BEGIN MATERIAL FOR THE TASK
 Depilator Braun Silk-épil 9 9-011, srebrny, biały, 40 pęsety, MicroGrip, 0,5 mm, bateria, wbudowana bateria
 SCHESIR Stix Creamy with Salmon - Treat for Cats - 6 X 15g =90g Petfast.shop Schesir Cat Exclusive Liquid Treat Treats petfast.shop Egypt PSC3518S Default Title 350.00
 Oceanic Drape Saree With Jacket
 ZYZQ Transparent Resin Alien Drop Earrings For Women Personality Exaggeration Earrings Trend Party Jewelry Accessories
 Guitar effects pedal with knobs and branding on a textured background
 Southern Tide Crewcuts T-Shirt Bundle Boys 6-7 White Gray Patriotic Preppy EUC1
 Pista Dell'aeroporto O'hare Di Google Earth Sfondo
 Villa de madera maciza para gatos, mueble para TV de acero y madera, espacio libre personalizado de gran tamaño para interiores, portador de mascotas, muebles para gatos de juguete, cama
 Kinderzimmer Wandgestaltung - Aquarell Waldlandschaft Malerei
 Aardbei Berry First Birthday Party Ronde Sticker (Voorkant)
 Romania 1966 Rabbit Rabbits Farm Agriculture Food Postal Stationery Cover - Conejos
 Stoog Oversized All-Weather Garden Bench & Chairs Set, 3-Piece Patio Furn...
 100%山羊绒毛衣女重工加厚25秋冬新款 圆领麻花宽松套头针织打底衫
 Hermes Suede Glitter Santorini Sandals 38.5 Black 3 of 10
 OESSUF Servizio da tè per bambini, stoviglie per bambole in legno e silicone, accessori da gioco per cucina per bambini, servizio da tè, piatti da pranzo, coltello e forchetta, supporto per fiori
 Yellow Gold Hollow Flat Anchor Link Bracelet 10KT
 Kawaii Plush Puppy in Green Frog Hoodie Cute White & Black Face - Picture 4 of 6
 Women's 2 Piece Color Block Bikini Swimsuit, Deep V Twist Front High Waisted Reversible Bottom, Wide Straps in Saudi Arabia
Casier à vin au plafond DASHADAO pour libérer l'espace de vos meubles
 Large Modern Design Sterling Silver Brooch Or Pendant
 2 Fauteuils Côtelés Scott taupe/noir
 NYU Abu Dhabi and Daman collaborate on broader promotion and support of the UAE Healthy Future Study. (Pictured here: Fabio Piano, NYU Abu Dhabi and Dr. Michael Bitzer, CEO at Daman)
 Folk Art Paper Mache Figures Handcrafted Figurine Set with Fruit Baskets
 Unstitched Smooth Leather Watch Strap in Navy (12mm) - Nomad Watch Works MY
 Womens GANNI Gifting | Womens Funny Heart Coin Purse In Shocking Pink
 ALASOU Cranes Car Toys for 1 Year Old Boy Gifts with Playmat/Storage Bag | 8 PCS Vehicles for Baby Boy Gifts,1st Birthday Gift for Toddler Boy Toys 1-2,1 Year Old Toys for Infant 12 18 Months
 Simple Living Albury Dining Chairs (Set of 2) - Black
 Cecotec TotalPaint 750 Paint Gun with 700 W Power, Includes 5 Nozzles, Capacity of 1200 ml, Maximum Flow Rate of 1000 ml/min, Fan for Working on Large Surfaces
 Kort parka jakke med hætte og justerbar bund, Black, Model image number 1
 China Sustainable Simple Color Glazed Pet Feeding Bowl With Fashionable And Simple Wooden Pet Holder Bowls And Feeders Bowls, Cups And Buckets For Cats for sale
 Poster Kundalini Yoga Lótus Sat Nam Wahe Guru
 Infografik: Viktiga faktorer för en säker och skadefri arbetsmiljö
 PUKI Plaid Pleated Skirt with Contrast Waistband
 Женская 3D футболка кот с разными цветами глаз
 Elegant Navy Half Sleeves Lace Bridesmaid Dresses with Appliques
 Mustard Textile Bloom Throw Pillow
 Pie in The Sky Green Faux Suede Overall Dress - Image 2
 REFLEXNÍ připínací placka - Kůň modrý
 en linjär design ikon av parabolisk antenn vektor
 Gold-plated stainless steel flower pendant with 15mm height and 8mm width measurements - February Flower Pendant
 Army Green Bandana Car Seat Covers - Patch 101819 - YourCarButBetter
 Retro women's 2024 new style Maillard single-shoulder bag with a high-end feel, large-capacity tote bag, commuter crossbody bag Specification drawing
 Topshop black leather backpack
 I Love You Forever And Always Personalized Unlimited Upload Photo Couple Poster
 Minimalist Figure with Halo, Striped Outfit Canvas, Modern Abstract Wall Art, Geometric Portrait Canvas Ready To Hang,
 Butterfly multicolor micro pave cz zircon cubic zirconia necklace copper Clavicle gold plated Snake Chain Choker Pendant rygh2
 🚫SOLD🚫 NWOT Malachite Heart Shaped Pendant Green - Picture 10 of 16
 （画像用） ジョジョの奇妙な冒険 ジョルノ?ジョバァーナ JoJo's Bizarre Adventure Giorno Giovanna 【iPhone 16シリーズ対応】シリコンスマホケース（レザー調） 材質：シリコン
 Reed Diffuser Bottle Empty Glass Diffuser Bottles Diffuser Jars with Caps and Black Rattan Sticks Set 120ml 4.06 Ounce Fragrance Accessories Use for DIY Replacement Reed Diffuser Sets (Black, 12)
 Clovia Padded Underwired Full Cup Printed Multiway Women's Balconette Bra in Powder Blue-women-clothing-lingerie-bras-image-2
END MATERIAL FOR THE TASK
Output the records in full, exactly.

→ ANSWER SPACE:
 Depilator Braun Silk-épil 9 9-011, srebrny, biały, 40 pęsety, MicroGrip, 0,5 mm, bateria, wbudowana bateria
 SCHESIR Stix Creamy with Salmon - Treat for Cats - 6 X 15g =90g Petfast.shop Schesir Cat Exclusive Liquid Treat Treats petfast.shop Egypt PSC3518S Default Title 350.00
 Oceanic Drape Saree With Jacket
 ZYZQ Transparent Resin Alien Drop Earrings For Women Personality Exaggeration Earrings Trend Party Jewelry Accessories
 Guitar effects pedal with knobs and branding on a textured background
 Southern Tide Crewcuts T-Shirt Bundle Boys 6-7 White Gray Patriotic Preppy EUC1
 Pista Dell'aeroporto O'hare Di Google Earth Sfondo
 Villa de madera maciza para gatos, mueble para TV de acero y madera, espacio libre personalizado de gran tamaño para interiores, portador de mascotas, muebles para gatos de juguete, cama
 Kinderzimmer Wandgestaltung - Aquarell Waldlandschaft Malerei
 Aardbei Berry First Birthday Party Ronde Sticker (Voorkant)
 Romania 1966 Rabbit Rabbits Farm Agriculture Food Postal Stationery Cover - Conejos
 Stoog Oversized All-Weather Garden Bench & Chairs Set, 3-Piece Patio Furn...
 100%山羊绒毛衣女重工加厚25秋冬新款 圆领麻花宽松套头针织打底衫
 Hermes Suede Glitter Santorini Sandals 38.5 Black 3 of 10
 OESSUF Servizio da tè per bambini, stoviglie per bambole in legno e silicone, accessori da gioco per cucina per bambini, servizio da tè, piatti da pranzo, coltello e forchetta, supporto per fiori
 Yellow Gold Hollow Flat Anchor Link Bracelet 10KT
 Kawaii Plush Puppy in Green Frog Hoodie Cute White & Black Face - Picture 4 of 6
 Women's 2 Piece Color Block Bikini Swimsuit, Deep V Twist Front High Waisted Reversible Bottom, Wide Straps in Saudi Arabia
Casier à vin au plafond DASHADAO pour libérer l'espace de vos meubles
 Large Modern Design Sterling Silver Brooch Or Pendant
 2 Fauteuils Côtelés Scott taupe/noir
 NYU Abu Dhabi and Daman collaborate on broader promotion and support of the UAE Healthy Future Study. (Pictured here: Fabio Piano, NYU Abu Dhabi and Dr. Michael Bitzer, CEO at Daman)
 Folk Art Paper Mache Figures Handcrafted Figurine Set with Fruit Baskets
 Unstitched Smooth Leather Watch Strap in Navy (12mm) - Nomad Watch Works MY
 Womens GANNI Gifting | Womens Funny Heart Coin Purse In Shocking Pink
 ALASOU Cranes Car Toys for 1 Year Old Boy Gifts with Playmat/Storage Bag | 8 PCS Vehicles for Baby Boy Gifts,1st Birthday Gift for Toddler Boy Toys 1-2,1 Year Old Toys for Infant 12 18 Months
 Simple Living Albury Dining Chairs (Set of 2) - Black
 Cecotec TotalPaint 750 Paint Gun with 700 W Power, Includes 5 Nozzles, Capacity of 1200 ml, Maximum Flow Rate of 1000 ml/min, Fan for Working on Large Surfaces
 Kort parka jakke med hætte og justerbar bund, Black, Model image number 1
 China Sustainable Simple Color Glazed Pet Feeding Bowl With Fashionable And Simple Wooden Pet Holder Bowls And Feeders Bowls, Cups And Buckets For Cats for sale
 Poster Kundalini Yoga Lótus Sat Nam Wahe Guru
 Infografik: Viktiga faktorer för en säker och skadefri arbetsmiljö
 PUKI Plaid Pleated Skirt with Contrast Waistband
 Женская 3D футболка кот с разными цветами глаз
 Elegant Navy Half Sleeves Lace Bridesmaid Dresses with Appliques
 Mustard Textile Bloom Throw Pillow
 Pie in The Sky Green Faux Suede Overall Dress - Image 2
 REFLEXNÍ připínací placka - Kůň modrý
 en linjär design ikon av parabolisk antenn vektor
 Gold-plated stainless steel flower pendant with 15mm height and 8mm width measurements - February Flower Pendant
 Army Green Bandana Car Seat Covers - Patch 101819 - YourCarButBetter
 Retro women's 2024 new style Maillard single-shoulder bag with a high-end feel, large-capacity tote bag, commuter crossbody bag Specification drawing
 Topshop black leather backpack
 I Love You Forever And Always Personalized Unlimited Upload Photo Couple Poster
 Minimalist Figure with Halo, Striped Outfit Canvas, Modern Abstract Wall Art, Geometric Portrait Canvas Ready To Hang,
 Butterfly multicolor micro pave cz zircon cubic zirconia necklace copper Clavicle gold plated Snake Chain Choker Pendant rygh2
 🚫SOLD🚫 NWOT Malachite Heart Shaped Pendant Green - Picture 10 of 16
 （画像用） ジョジョの奇妙な冒険 ジョルノ?ジョバァーナ JoJo's Bizarre Adventure Giorno Giovanna 【iPhone 16シリーズ対応】シリコンスマホケース（レザー調） 材質：シリコン
 Reed Diffuser Bottle Empty Glass Diffuser Bottles Diffuser Jars with Caps and Black Rattan Sticks Set 120ml 4.06 Ounce Fragrance Accessories Use for DIY Replacement Reed Diffuser Sets (Black, 12)
 Clovia Padded Underwired Full Cup Printed Multiway Women's Balconette Bra in Powder Blue-women-clothing-lingerie-bras-image-2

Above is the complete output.